Honrar a Virgem Negra significa resgatar o sagrado da matéria

Recapitulando o episódio histórico: A Mãe de Jesus na tradição católica, remanescente dos cultos à Deusa, feita de argila, tinha a cabeça descolada do corpo. Note como esse entrelaçamento simbólico ilustra perfeitamente as ideias da analista junguiana canadense Marion Woodman, autora de A Feminilidade Consciente (Paulus). Marion deu atenção especial ao corpo e à matéria do mundo em sua abordagem clínica.

“Marion Woodman compreendia a Virgem (una em si mesma) ou Madona Negra como uma metáfora da dimensão sagrada da matéria (Mater=Mãe). Ela personifica, não apenas representa, os valores que foram reprimidos e lançados na sombra pelo patriarcado monoteísta. Seja pela afirmação unilateral do espírito exclusivamente celeste, abstrato, sublimado, elevado.
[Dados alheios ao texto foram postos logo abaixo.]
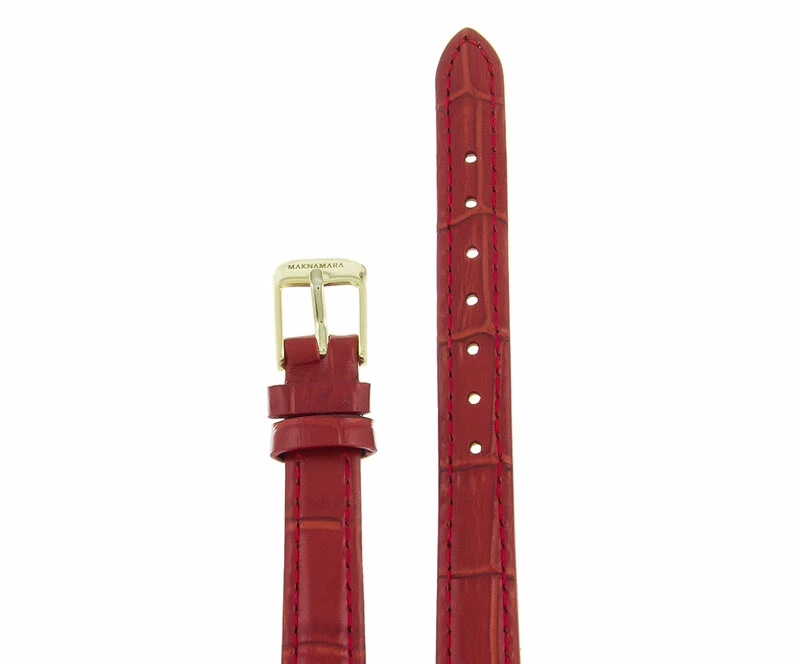 Ремешки maknamara 12 мм красн крокодил зол. заст mp-12085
Seja na forma de uma religião que demoniza feminino e matéria – e os considera degradados e corrompidos. Ou seja pela afirmação unilateral dos valores da Razão todo-poderosa”, esclarece Eliana, que se embrenha mais um pouco nessa fascinante interpretação.
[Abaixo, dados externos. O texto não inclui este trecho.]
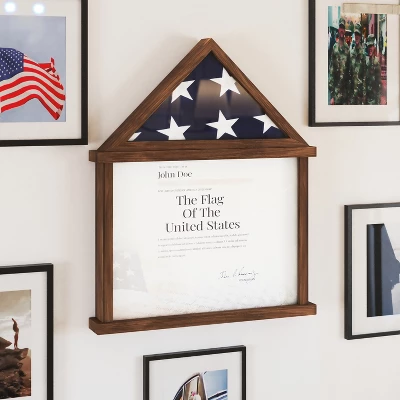 Emma And Oliver Small Solid Wood Memorial Flag Case With Certificate Holder And Shadow Box Display 1 Emma And Oliver Small Solid Wood Memorial Flag Case With Certificate Holder And Shadow Box Display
“Para Marion, a Deusa Negra, que emergiu tanto no imaginário europeu como no americano, aponta para momentos em que o sagrado na matéria se manifesta a fim de lembrar a humanidade de seu compromisso com o corpo, o pessoal e o coletivo, bem como com o corpo de nossa Mãe Terra”. Nesse sentido, a Virgem é negra não só porque espelha as forças que serpenteiam as funduras da terra, mas também por ser desconhecida da consciência.

O que podemos aprender com o arquétipo da Madona Negra

Trazendo essa conversa para a vida concreta, o que podemos aprender hoje com o arquétipo da Madona Negra, entrelaçado à imagem de Nossa Senhora Aparecida? Essas e todas as manifestações do Feminino Sagrado nos trazem um saber crucial para o futuro do planeta. 
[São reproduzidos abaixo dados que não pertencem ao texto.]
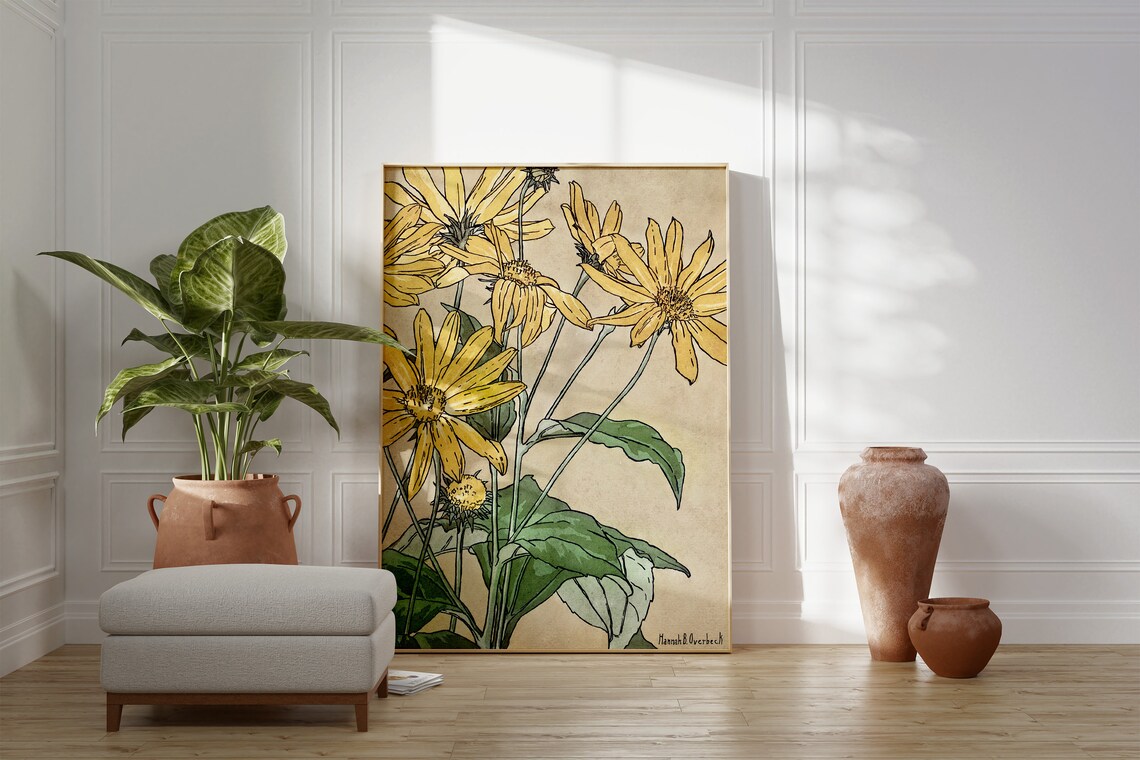 Sunflower Vintage Poster, Retro Floral Art Print - Image 4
A riqueza dessa simbologia, transposta para o cenário atual, por exemplo, indica que os múltiplos desequilíbrios registrados nos últimos tempos são sintomas de que o espírito (princípio masculino) e a matéria (princípio feminino) estão descompensados dentro e fora de nós. Especialmente uma vez que o patriarcado, sistema que nos governa e que confunde masculinidade com poder, gera identificações tanto em homens quanto em mulheres. Os efeitos disso, como sabemos, são trágicos. “Quando o espírito perde a noção de seus limites, entra em estado de hybris (desmedida). Aí, começa a destruir seu continente, seu vaso, justamente aquela que lhe concede forma e o torna mais humilde: a matéria”, interpreta Eliana. 

Não há dúvidas de que a Grande Mãe, fonte primordial de energia de vida para homens e mulheres e tudo o que tem forma e existe neste planeta, está desgostosa. A pandemia, na visão da estudiosa, pode ser decifrada como uma explosão de Gaia – que, aliás, sabe muito bem expressar sua ira quando necessário –, contra todas as violações a ela impingidas. 

Por isso, já passou da hora de assimilarmos essa reprimenda como um chacoalhão para nos lembrarmos do nosso verdadeiro tamanho, ou então, como uma súplica para que seus filhos e filhas colem urgentemente suas partes rompidas e vivam em estado de inteireza. 

Ah, a restauração é uma via dupla, não se esqueça.